The way we use O_DIRECT currently is extremely minimal, it's just "if
you've got it, we'll use it, but otherwise not complain", and I wasn't
trying to change that yet, but you're right that if we add explicit
GUCs to turn on direct I/O for WAL and data files we should definitely
not let you turn them on if we can't do it.



Re: O_DIRECT on macOS

From
Thomas Munro
Date:
On Mon, May 31, 2021 at 10:29 AM Thomas Munro <thomas.munro@gmail.com> wrote:
> For comparison, here is my sketch of idea #1.  I pick an arbitrary
> value to use as PG_O_DIRECT (I don't want to define O_DIRECT for fear
> of breaking other code that might see it and try to pass it into
> open()... for all I know, it might happen to match OS-internal value
> O_NASAL_DEMONS), and statically assert that it doesn't collide with
> standard flags we're using, and I strip it out of the flags I pass in
> to open().  As I said, a bit icky, but it's a tiny and localised
> patch, which is nice.

I'm planning to go with that idea (#1), if there are no objections.



Re: O_DIRECT on macOS

From
Andres Freund
Date:
Hi,

On 2021-07-13 13:25:50 +1200, Thomas Munro wrote:
> On Mon, May 31, 2021 at 10:29 AM Thomas Munro <thomas.munro@gmail.com> wrote:
> > For comparison, here is my sketch of idea #1.  I pick an arbitrary
> > value to use as PG_O_DIRECT (I don't want to define O_DIRECT for fear
> > of breaking other code that might see it and try to pass it into
> > open()... for all I know, it might happen to match OS-internal value
> > O_NASAL_DEMONS), and statically assert that it doesn't collide with
> > standard flags we're using, and I strip it out of the flags I pass in
> > to open().  As I said, a bit icky, but it's a tiny and localised
> > patch, which is nice.
> 
> I'm planning to go with that idea (#1), if there are no objections.
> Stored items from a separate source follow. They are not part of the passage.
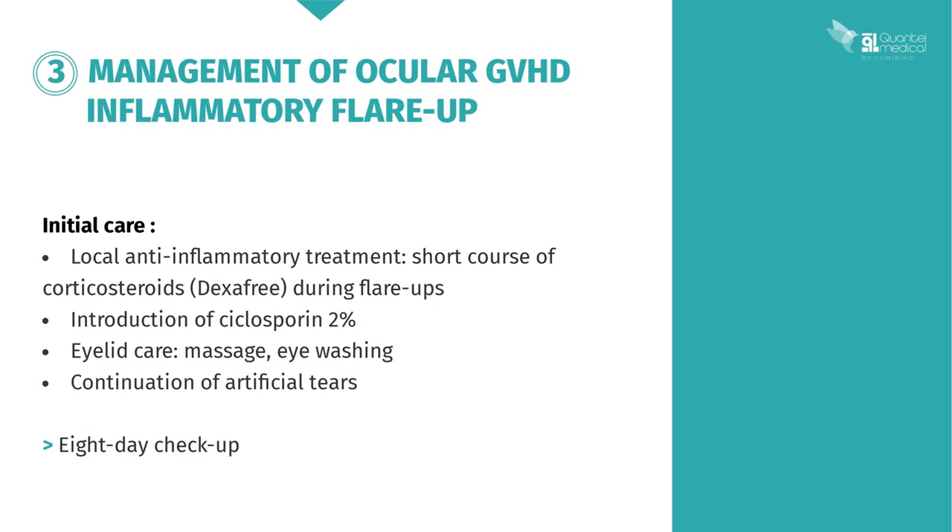The aim is to treat this outbreak of GVHD-related inflammation by prescribing local anti-inflammatory treatment, with short-term therapy using corticosteroids. Due to the need to minimize steroid use, treatment with cyclosporine 2% will also be initiated straight away. The patient is advised to perform eyelid hygiene and continue using artificial tears, and will return for a checkup in a few days.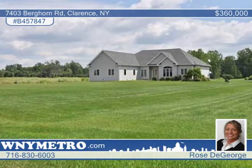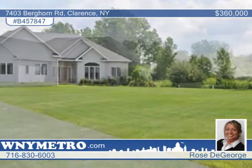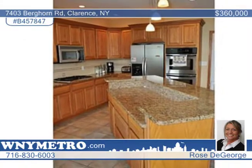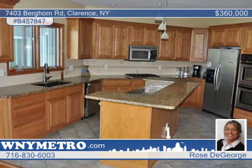Walk in and fall in love with a spectacular custom-built three-bedroom two-and-a-half bath ranch. Beautiful custom cabinets, granite countertops and stainless steel appliances are featured in the kitchen, which opens up to a family room filled with natural light from Marvin Elite windows and sliding glass doors.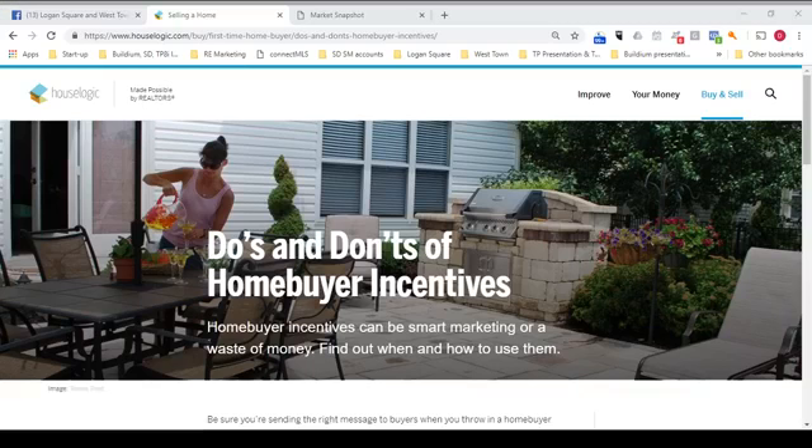Hey, it's Doug Perry, and I am a realtor with Property Consultants in Bucktown, and today on Logan Square and Westtown Homes Live, I'm going to share a report with you entitled Do's and Don'ts of Home Buyer Incentives.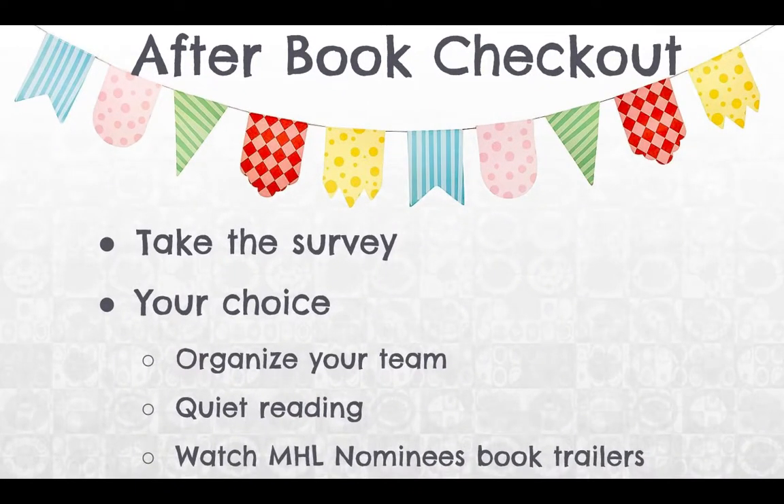After book checkout, everybody needs to take the survey. Then you have a choice: if you want to quietly talk to people in your class about organizing a team, you could do that. You could do quiet reading time at the couches, or if you want to watch some of the Mod Heart Lovelace nominees — those book trailers I have in YouTube for you — you could do that too. Thanks and I'll see you soon.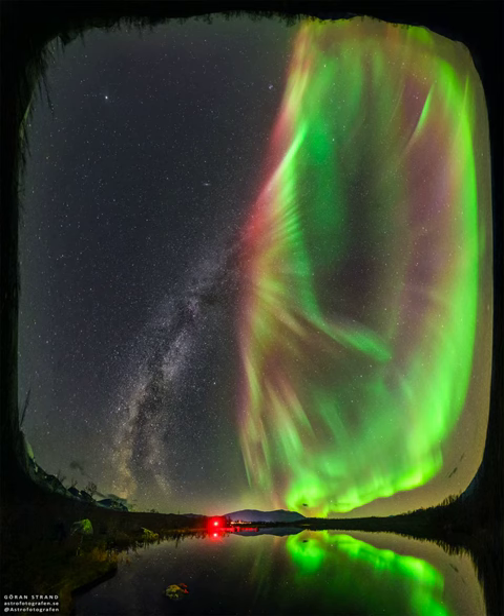The featured image composite was taken in early October across a small lake in Arborsko, northern Sweden.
The only other viable approach I see is to completely separate our
internal flag representation from the OS representation and do the whole
mapping inside fd.c - but that seems like a too big hammer right now.

Greetings,

Andres Freund



Re: O_DIRECT on macOS

From
Thomas Munro
Date:
On Tue, Jul 13, 2021 at 1:56 PM Andres Freund <andres@anarazel.de> wrote:
> On 2021-07-13 13:25:50 +1200, Thomas Munro wrote:
> > I'm planning to go with that idea (#1), if there are no objections.
>
> The only other viable approach I see is to completely separate our
> internal flag representation from the OS representation and do the whole
> mapping inside fd.c - but that seems like a too big hammer right now.

Agreed.  Pushed!

For the record, Solaris has directio() that could be handled the same
way.  I'm not planning to look into that myself, but patches welcome.
Illumos (née OpenSolaris) got with the programme and added O_DIRECT.
Of our 10-or-so target systems I guess that'd leave just HPUX (judging
by an old man page found on the web) and OpenBSD with no direct I/O
support.



Re: O_DIRECT on macOS

From
Tom Lane
Date:
Thomas Munro <thomas.munro@gmail.com> writes:
> Agreed.  Pushed!

prairiedog thinks that Assert is too optimistic about whether all
those flags exist.

            regards, tom lane



Re: O_DIRECT on macOS

From
Thomas Munro
Date:
On Mon, Jul 19, 2021 at 4:42 PM Tom Lane <tgl@sss.pgh.pa.us> wrote:
> prairiedog thinks that Assert is too optimistic about whether all
> those flags exist.

Fixed.

(Huh, I received no -committers email for 2dbe8905.)



Re: O_DIRECT on macOS

From
John Naylor
Date:

On Mon, Jul 19, 2021 at 12:55 AM Thomas Munro <thomas.munro@gmail.com> wrote:
>
> On Mon, Jul 19, 2021 at 4:42 PM Tom Lane <tgl@sss.pgh.pa.us> wrote:
> > prairiedog thinks that Assert is too optimistic about whether all
> > those flags exist.
>
> Fixed.
>
> (Huh, I received no -committers email for 2dbe8905.)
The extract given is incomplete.